M. Emmanuel Macron, ministre. Cet amendement me permet de revenir sur un point évoqué précédemment par le président Retailleau, pour apporter une correction.
Le Gouvernement a eu tort de prendre un arrêté en janvier dernier sans attendre que la commission de modernisation de la diffusion audiovisuelle se réunisse. Néanmoins, vous faites erreur lorsque vous dites qu’il n’avait pas saisi cette commission : il l’avait saisie le 3 décembre 2014, mais elle ne s’était, en effet, pas réunie.
Si nous voulons tenir les délais, nous devons collectivement nous engager à mettre en place des procédures qui permettent de répondre avec suffisamment de rapidité. En tout cas, mes services m’ont dit, mais cela pourra vous être confirmé, que le Gouvernement avait bien saisi cette commission sur le projet de réattribution de la bande de fréquences des 700 mégahertz. Je souhaitais rectifier ce point.

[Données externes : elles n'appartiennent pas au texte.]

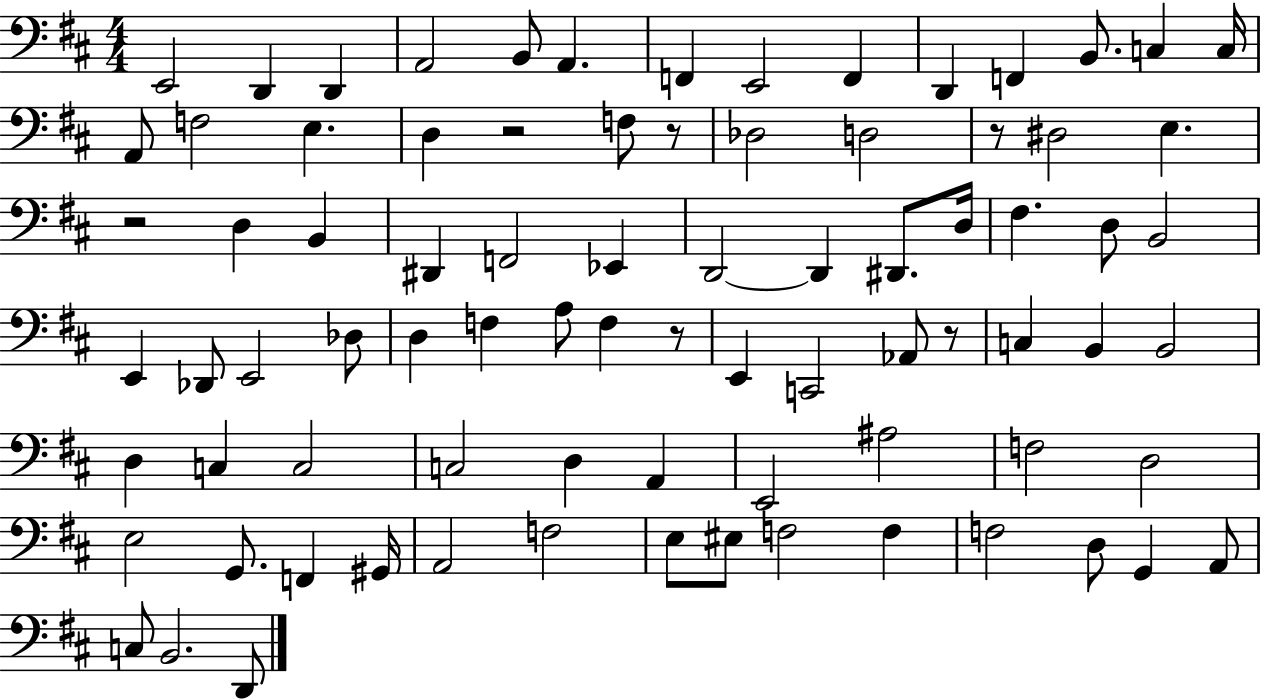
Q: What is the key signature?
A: D major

Le projet prévoit un plan d’accompagnement, auquel vous avez fait référence, géré par l’Agence nationale des fréquences. Ce plan sera mis en place pour accompagner l’arrêt de la diffusion en MPEG-2, afin qu’aucun foyer ne souffre de l’écran noir que vous avez évoqué, madame Morin-Desailly. C'est un point important de la transition auquel nous devons faire face.
La commission de modernisation de la diffusion audiovisuelle s’est donc réunie pour la première fois sur ce projet le 8 avril dernier. Voilà les éléments de calendrier que je voulais rappeler.
Un texte de loi qui comportera l’ensemble des dispositions nécessaires à la préparation de cette migration sur la TNT sera également soumis au Parlement d’ici à l’été. Il s’agira d’une proposition de loi, qui contiendra en particulier les dispositions législatives permettant l’accompagnement des téléspectateurs. Elle prévoira aussi les modalités de prise en charge des frais des éditeurs audiovisuels ou des collectivités territoriales – vous avez eu tout à fait raison d’apporter cette précision – qui sont liés au réaménagement de fréquences sur leurs émetteurs.
Ce texte – c’est, d’ailleurs, ce que prévoit la procédure et ce à quoi nous nous étions engagés, je veux ici le rappeler – sera bien présenté au Parlement plus de six mois avant le transfert effectif des fréquences, lequel se déroulera progressivement à partir du mois d’avril 2016.
Ainsi, l’ensemble des préoccupations qui me paraissent inspirer votre amendement se trouvent satisfaites par le dispositif proposé par le Gouvernement et que je viens de vous exposer. Je vous demande donc, madame Morin-Desailly, de bien vouloir retirer votre amendement. En effet, le plan d’accompagnement n’a pas besoin d’être soumis six mois avant le transfert effectif des fréquences, puisque c’est précisément le texte de loi que je viens d’évoquer qui portera l’ensemble du dispositif et qui sera soumis au Parlement.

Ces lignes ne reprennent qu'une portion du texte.